| |

Gran
estruendo para recibir al nuevo año
Los
vendedores de pólvora le apuestan fuerte a la venta de las
metralletas, las que son las grandes protagonistas de la llegada
del nuevo año.
 |
| Poderío. Las metralletas
de 25 metros son las más grandes que el comprador puede
encontrar en las ventas de pólvora, ubicadas en el Redondel
de la Masferrer.
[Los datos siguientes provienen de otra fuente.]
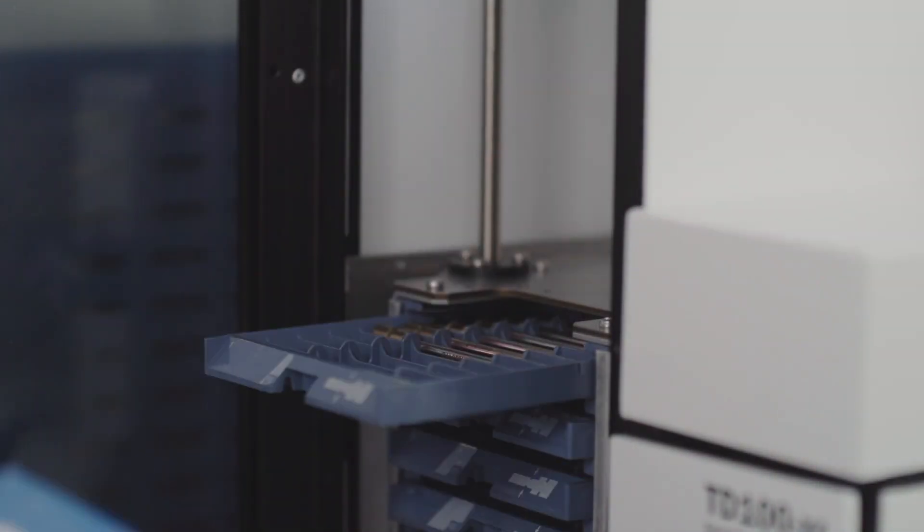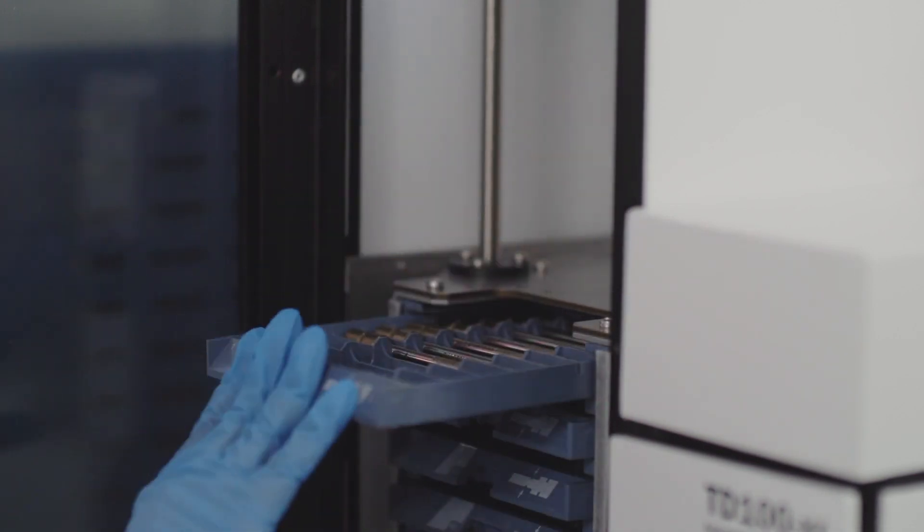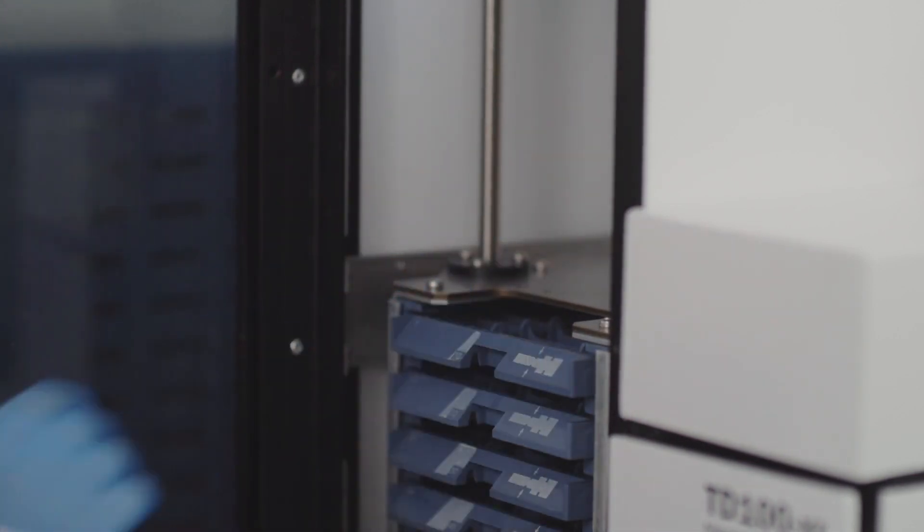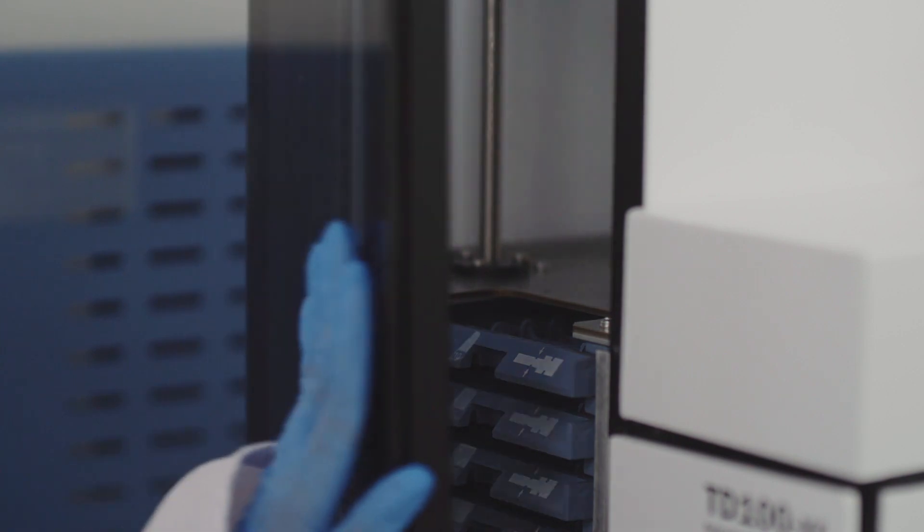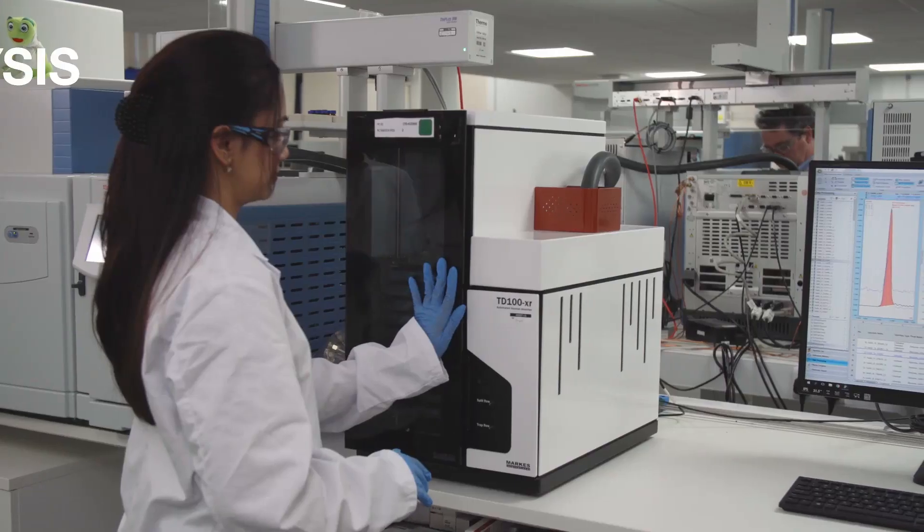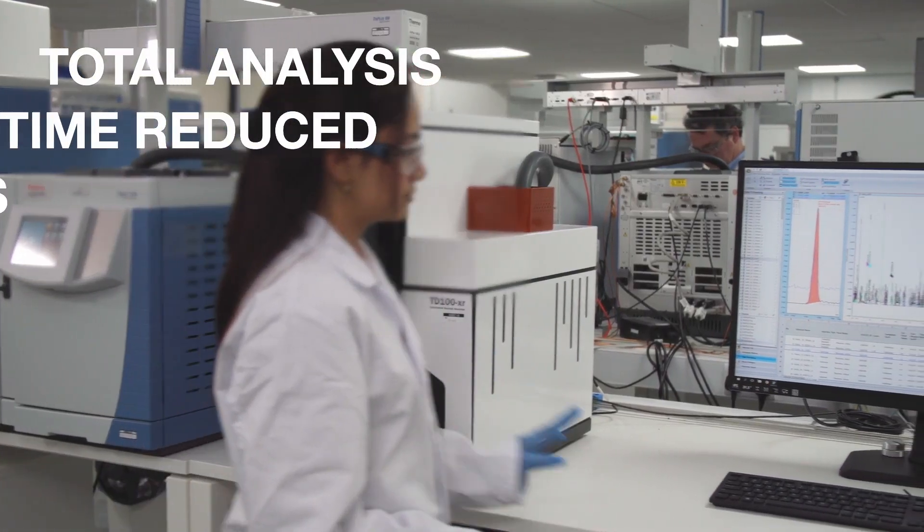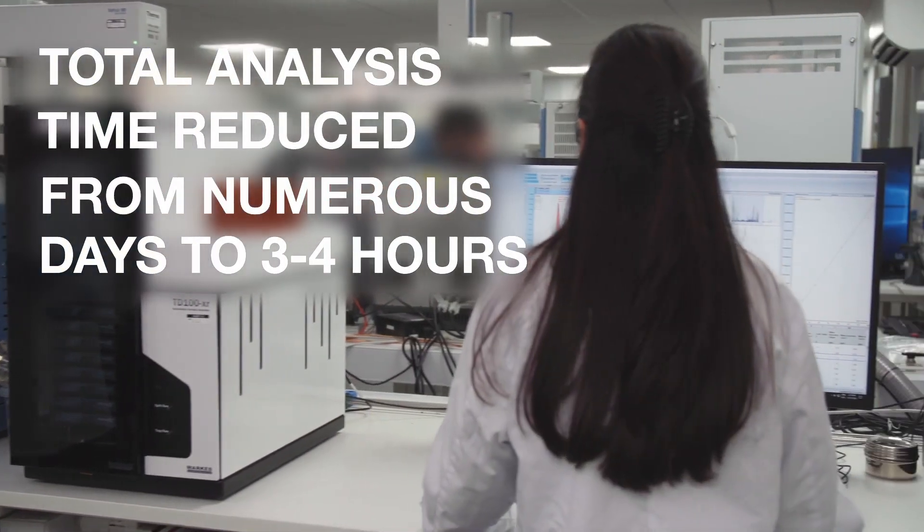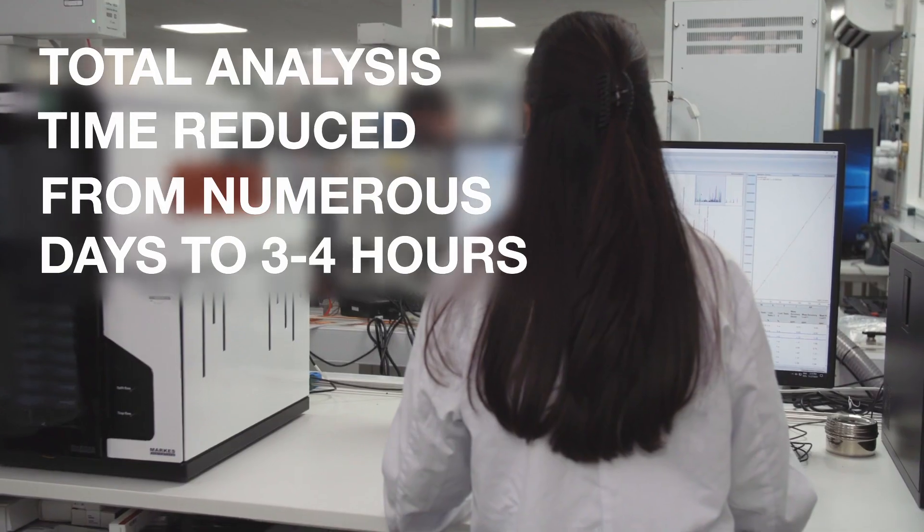Our previous batch process of up to 50 compounds per analysis has now been simplified to one batch with up to 250 components, and a total analysis time from numerous days down to three to four hours.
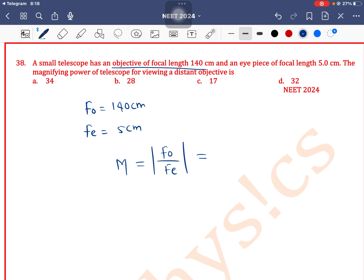So it is equal to 140 divided by 5. 5 into 2 is 10, remaining 4, 5 into 8 — so 28. Option B is the correct one.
El precio oscila entre los 80 y 100 dólares.
Foto: EDH |
Este 31 de diciembre, los doce deseos para el nuevo año,
justo cuando se consumen las 12 uvas a la medianoche, serán
opacados por el sonoro estallido de cientos de cohetes en las diferentes
colonias capitalinas.
La popularidad de los morteros y las metralletas se
eleva a dimensiones inimaginables, ya que los salvadoreños
acostumbran a dar la bienvenida al siguiente año con toda
la pompa posible. Esta tradición ha sido aprovechada por
los productores y vendedores de pólvora para innovar sus
productos y así satisfacer la demanda.
Las medidas de las metralletas aumenta año con
año, así como la potencia del estallido y la continuidad
de las explosiones. Desde las más sencillas de un metro,
hasta las famosas silenciosas, de cien metros, son buscadas
por los que gustan de grandes estruendos en el fin de año.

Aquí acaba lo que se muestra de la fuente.